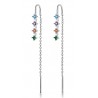 Chain earrings colourful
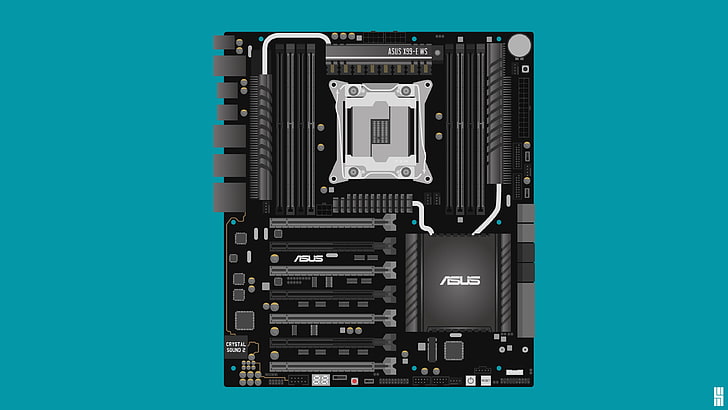black Asus motherboard, motherboards, minimalism, IT, Intel, LGA 2011-v3, HD wallpaper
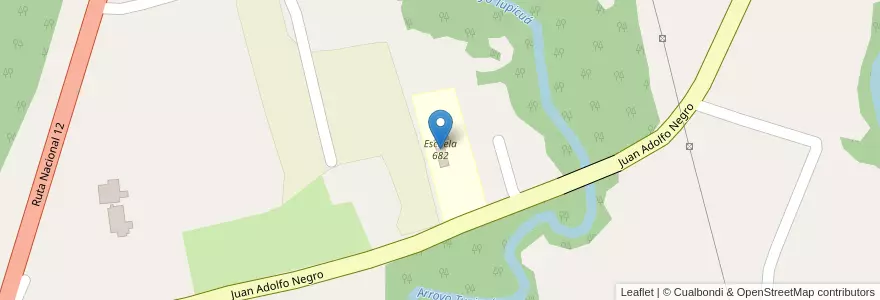 Mapa de ubicacion de Escuela 682 en الأرجنتين, Misiones, Departamento Iguazú, Municipio De Wanda.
-*-*-
_Task description_. Restate the full listing word for word, excluding images.

_Solution_.
 Chain earrings colourful
black Asus motherboard, motherboards, minimalism, IT, Intel, LGA 2011-v3, HD wallpaper
 Mapa de ubicacion de Escuela 682 en الأرجنتين, Misiones, Departamento Iguazú, Municipio De Wanda.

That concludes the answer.